You might think, “Too much pop culture. His hard drive has finally crashed.”
And you might be right. But bear with me.
Okay, maybe Katt Williams isn’t the first person your mind goes to when you think of hope and inspiration.
Hell, Katt might not be the first person your mind goes to when you think of comedy. But he deserves a spot in your mental batting order because dude is funny; a bonafide weirdo and true modern-day clown.
But he is an exceptional comedic artist. A diminutive full-body actor who performs in character–even if he’s not exactly in character. His persona is some cross between self-imagined pimp and speed freak jester and you can never be sure where the artifice actually begins.
Williams also crafted one of my favorite six minutes of comedy, a bit featured in his 2009 hourlong special, It’s Pimpin’ Pimpin’ that is not only hilarious but, as mentioned, inspiring. Oddly so.
Many comedians point out truths about life, but standup often veers toward the cynical side. Williams’ Tiger Bit, surprisingly, offers real hope.
In my desperate, starving New York actor days, I would sometimes pull it up on my phone while riding the train to dead-end gigs and hopeless auditions.
And in its own way, it gave me the same feeling as listening to the Boss: that there is honor and dignity in struggle, even if success proves elusive.
No, really, I swear.
And since we all know how it goes with frogs and comedy, I suggest you watch the bit before reading further.
So as not to subject Katt’s tigers to the same fate as E.B.’s frog, I won’t be giving it a full dissection, just a loving poke or two. So a familiarity with the material would be helpful. You won’t be disappointed.
[Warning: extremely NSFW]
Okay, first, let’s talk about the hopey changey part. When I say this is my favorite Springsteen song, I’m mostly talking about this line:
“As a real motherfucker you can’t never afford to give up, cuz all real motherfuckers is only waitin’ on one opportunity…and that’s the opportunity to show a motherfucker that THEY AIN’T BULLSHITTIN’!”
If you have ever been an artist, an athlete, an entrepreneur, anyone who has had the courage to believe in themselves, you understand the–yes, tiger-like–hunger for this opportunity.
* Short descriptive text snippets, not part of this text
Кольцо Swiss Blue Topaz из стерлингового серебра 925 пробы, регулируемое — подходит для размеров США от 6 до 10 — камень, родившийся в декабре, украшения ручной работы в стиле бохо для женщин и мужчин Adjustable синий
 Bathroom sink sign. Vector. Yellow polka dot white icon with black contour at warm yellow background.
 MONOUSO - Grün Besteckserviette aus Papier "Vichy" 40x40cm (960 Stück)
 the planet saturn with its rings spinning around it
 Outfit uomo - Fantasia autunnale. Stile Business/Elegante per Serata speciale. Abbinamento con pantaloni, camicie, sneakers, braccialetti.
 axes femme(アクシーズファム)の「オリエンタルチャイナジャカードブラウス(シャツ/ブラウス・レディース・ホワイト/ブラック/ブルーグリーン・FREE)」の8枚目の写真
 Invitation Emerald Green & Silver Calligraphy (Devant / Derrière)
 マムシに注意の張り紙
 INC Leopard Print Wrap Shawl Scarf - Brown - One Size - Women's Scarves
To show the haters what you’re made of.
This is “For the ones who had a notion, had a notion deep inside / That it ain’t no sin to be glad you’re alive”* expressed in an urban comedic idiom.
Art–it’s universal, right?
[*Badlands, by Bruce Springsteen. How could you not know that?]
And let’s not forget that the bit ends triumphantly…with people being eaten alive (based on a real incident at the San Francisco Zoo in 2007). This is how complete a narrative Williams weaves around this story. You are 100% on the tigers’ side.
In terms of performance, this is masterful work, crackling with a Robin Williams level of manic energy and physical acting. Performers like this turn the stage into a playground, endowing objects and the space itself with wild comedic potential (See: the stool-as-wildebeest bit. This is the kind of moment that would destroy in a small club. The audience’s collective jaw would be on the floor.)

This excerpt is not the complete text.